During the Civil Rights Movement, Childs' home became a meeting place for those involved in civil rights in Marion. In 1979, she was named an honorary member of the National Commission on the International Year of the Child by Jimmy Carter. She founded and became the first chair of the Perry County Arts and Humanities Council in 1982. In May 1985, she was appointed to fill a council seat in Marion. Childs was the first black woman to serve on the council. She was re-elected to the seat in 1988. Also in 1988, she was appointed to the board of the Alabama Historical Commission.

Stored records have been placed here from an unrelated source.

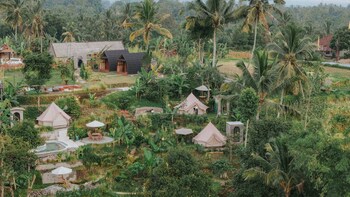 kamanicamp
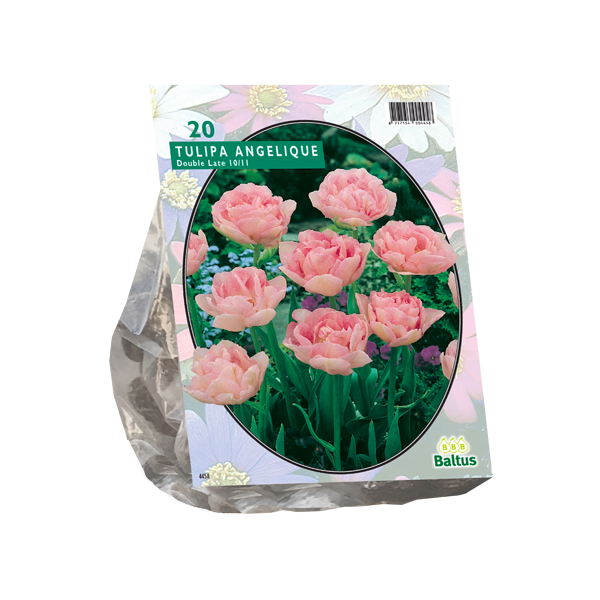 Tulipa Dubbel Laat Angelique per 20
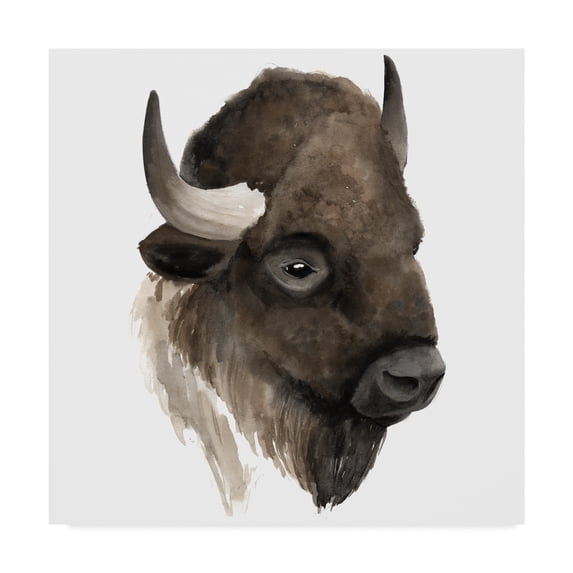 Trademark Fine Art 'Western Animal Study IV' Canvas Art by Grace Popp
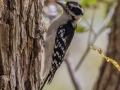 Downy Woodpecker (female) - Lake Barkley WMA, Dover,  Stewart County, October 12, 2020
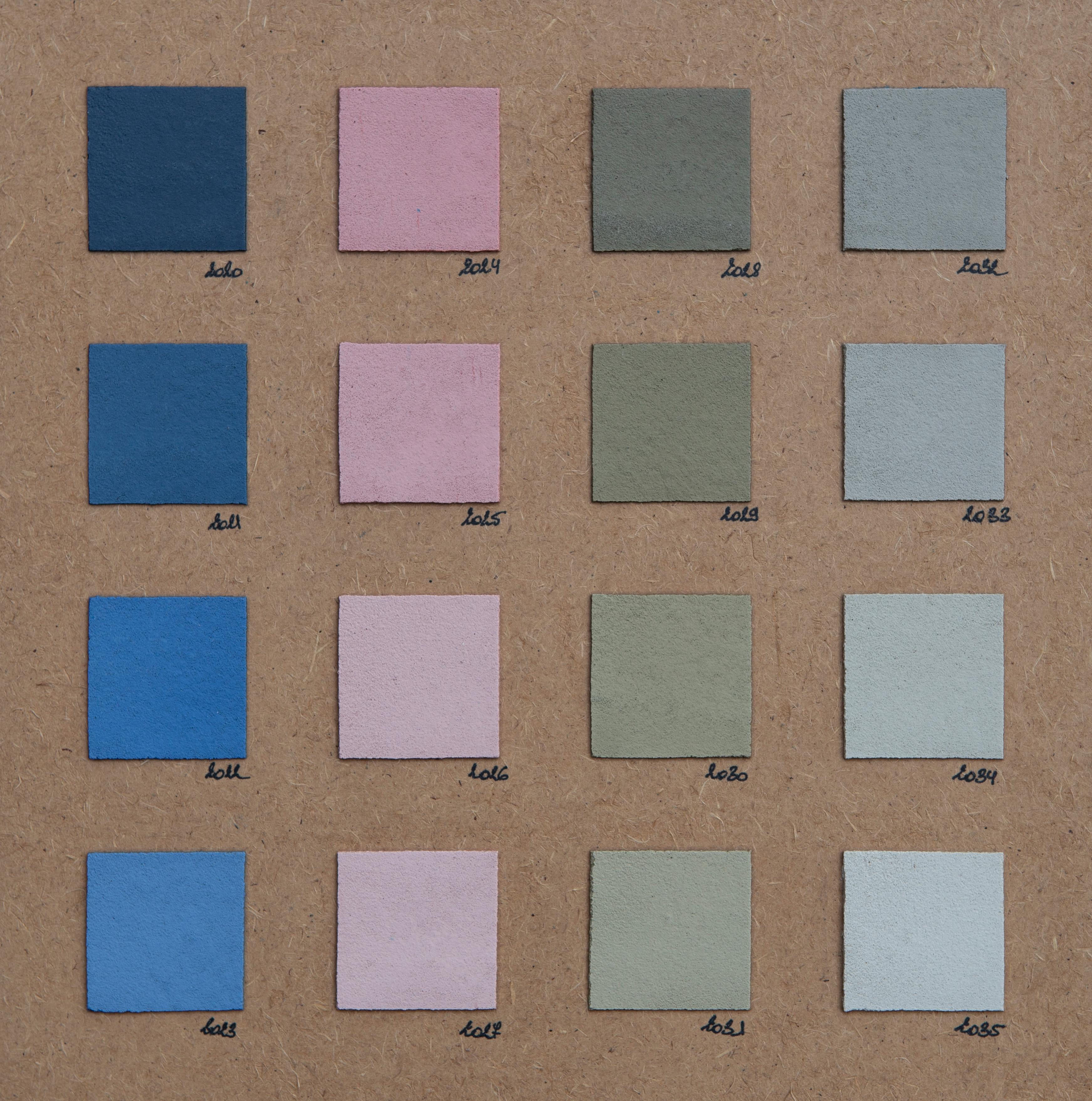 Échantillon de couleur du plâtre naturel de forme organique d'Atelier BB 11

She helped add the First Congregational Church Building and the Mary Elizabeth Phillips Thompson Auditorium of the Lincoln Normal School to the National Register of Historic Places. Childs earned NASA's Unsung Heroes Award in 1993.

Childs died on August 8, 1998. Hundreds attended a memorial service held in her honor at Lincoln Normal School. Childs was buried in the Marion Cemetery on Lafayette Street.

In 2002, she was inducted into the Alabama Women's Hall of Fame. Her son-in-law, Andrew Young, was a keynote speaker. The Alabama Historical Commission's Black Heritage Council gives out an award in her name. The award, known as the Idella Childs Distinguished Service Award, "recognizes people who have contributed to the preservation of African American historic places."